• [TASK PROMPT]
In the records below, find the line with "24 Morningside Avenue, Toronto, ON, M6S", then retype it and every following line exactly, stopping after the line with "Difusor de aire". Leave the pictures out.

• [DATASET]
_ _ _ _ _

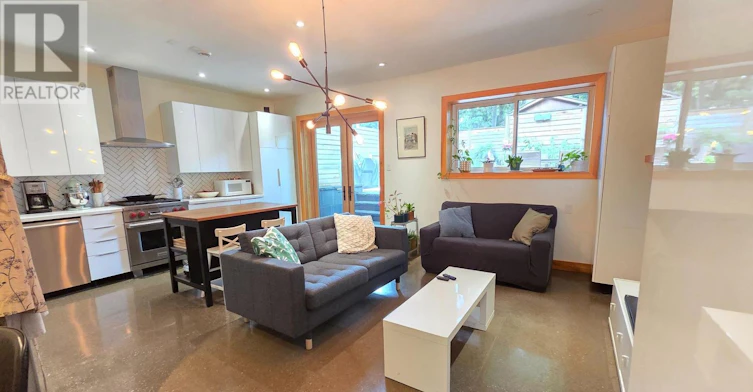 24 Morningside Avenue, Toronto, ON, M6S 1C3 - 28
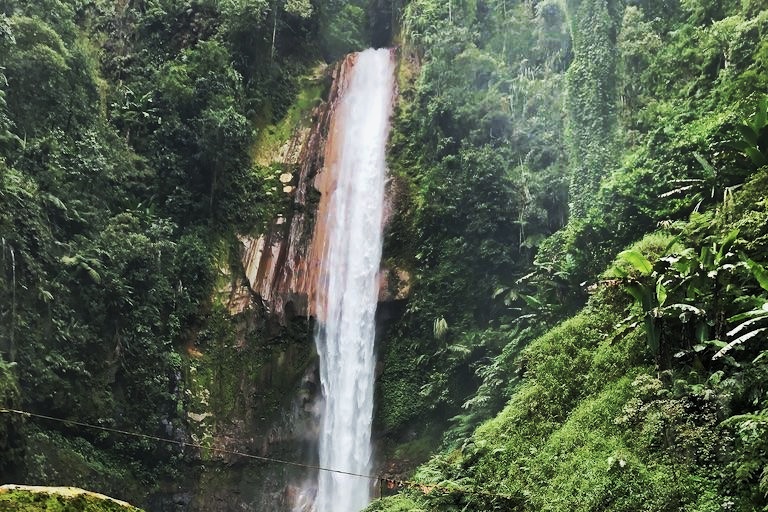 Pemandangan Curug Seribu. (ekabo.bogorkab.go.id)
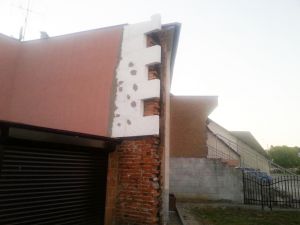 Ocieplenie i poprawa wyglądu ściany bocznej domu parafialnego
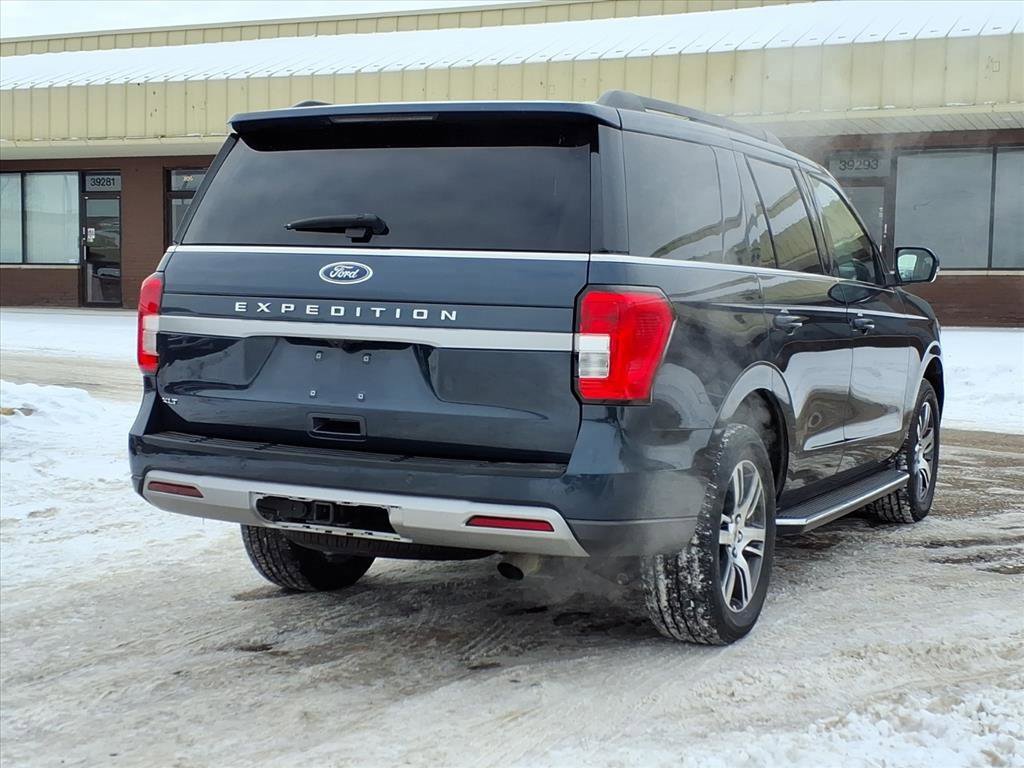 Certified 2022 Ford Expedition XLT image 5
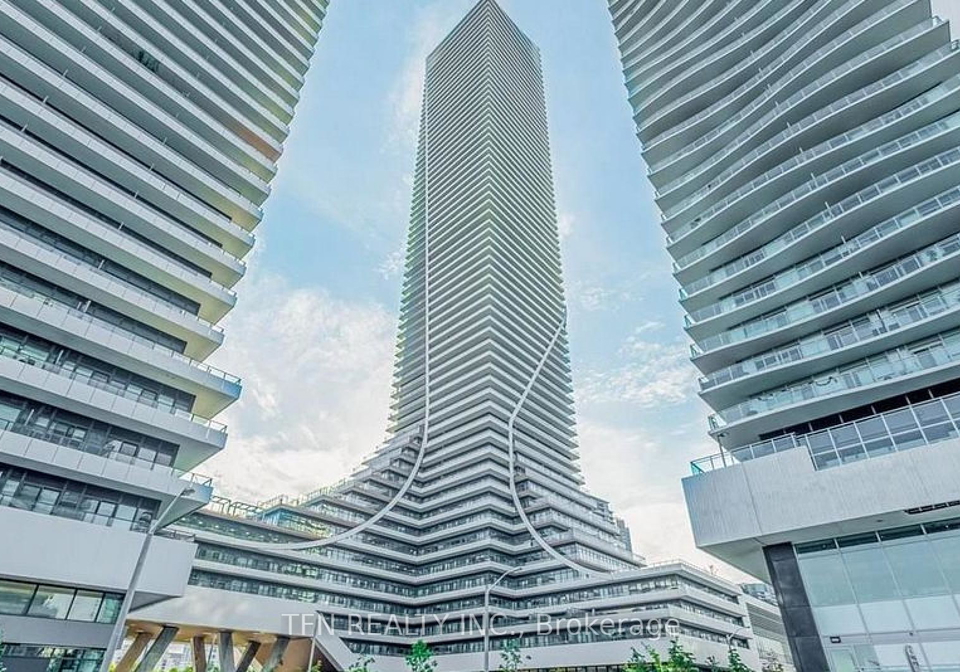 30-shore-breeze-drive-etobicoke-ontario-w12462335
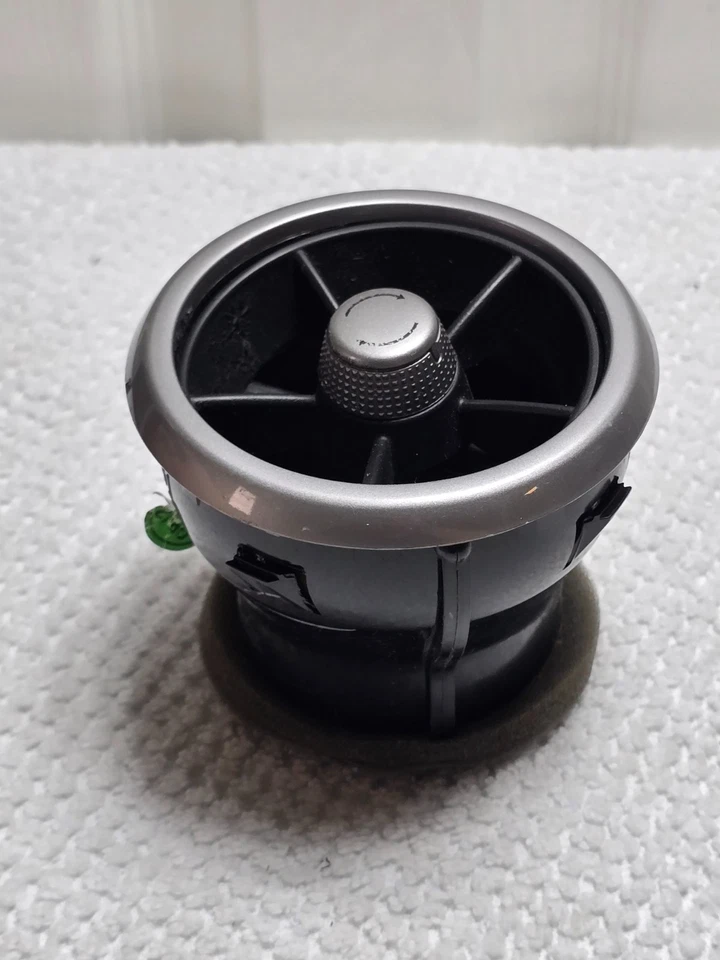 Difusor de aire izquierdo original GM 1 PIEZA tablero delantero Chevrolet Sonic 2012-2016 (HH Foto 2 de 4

_ _ _ _ _

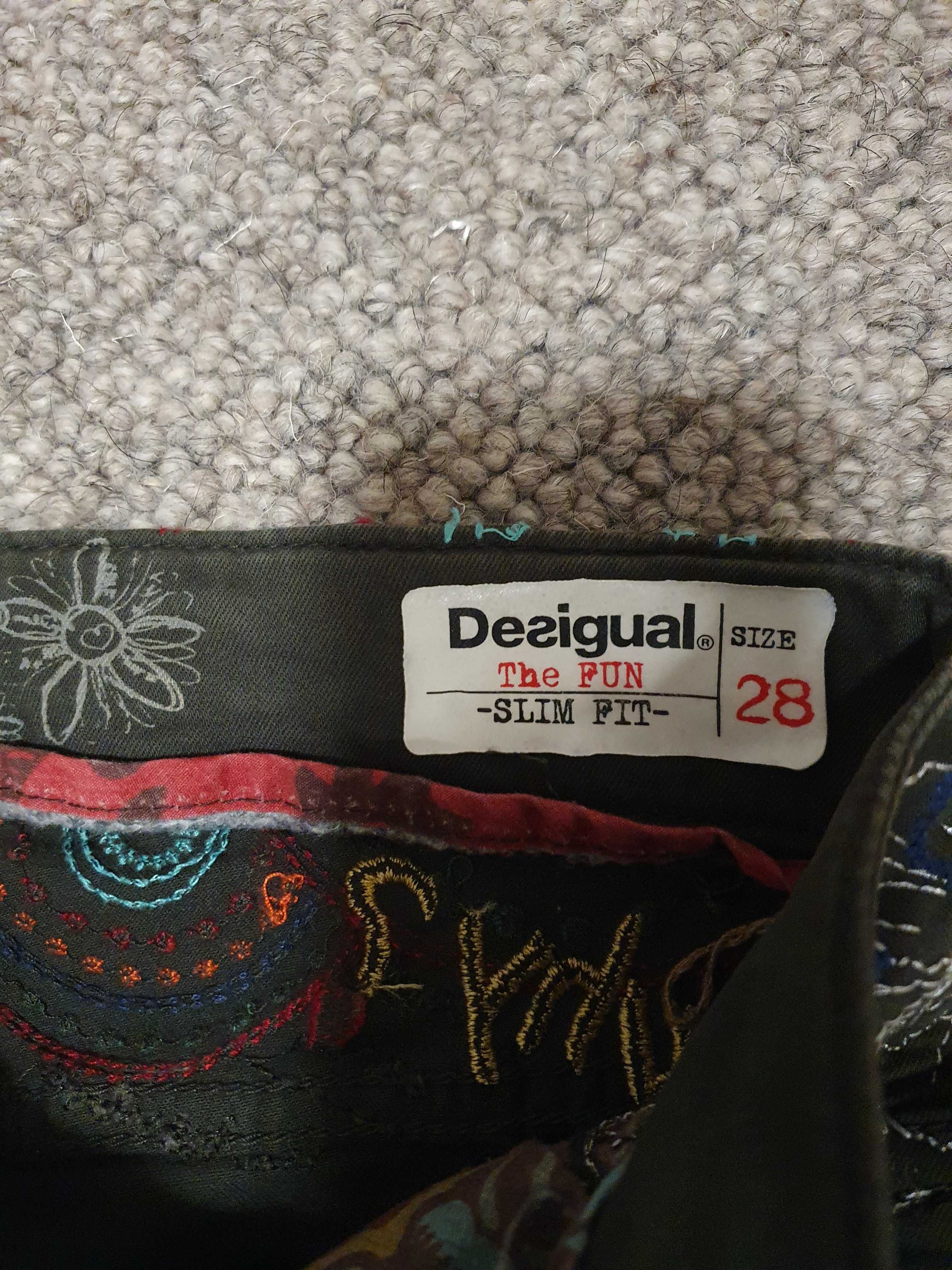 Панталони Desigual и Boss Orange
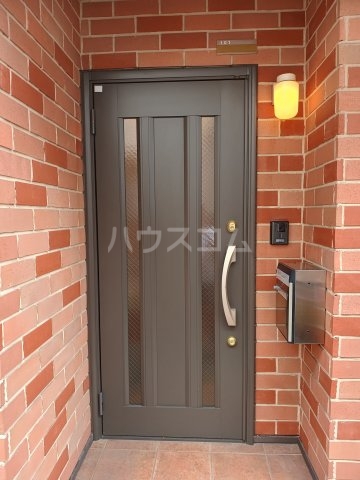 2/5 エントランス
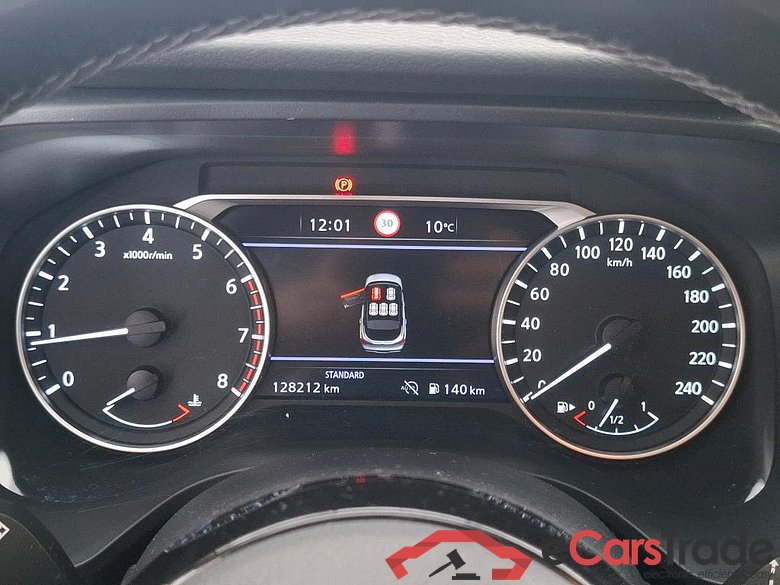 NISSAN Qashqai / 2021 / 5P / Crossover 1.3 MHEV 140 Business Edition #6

_ _ _ _ _

• [RESPONSE TO THE EXERCISE]
 24 Morningside Avenue, Toronto, ON, M6S 1C3 - 28
 Pemandangan Curug Seribu. (ekabo.bogorkab.go.id)
 Ocieplenie i poprawa wyglądu ściany bocznej domu parafialnego
 Certified 2022 Ford Expedition XLT image 5
 30-shore-breeze-drive-etobicoke-ontario-w12462335
 Difusor de aire izquierdo original GM 1 PIEZA tablero delantero Chevrolet Sonic 2012-2016 (HH Foto 2 de 4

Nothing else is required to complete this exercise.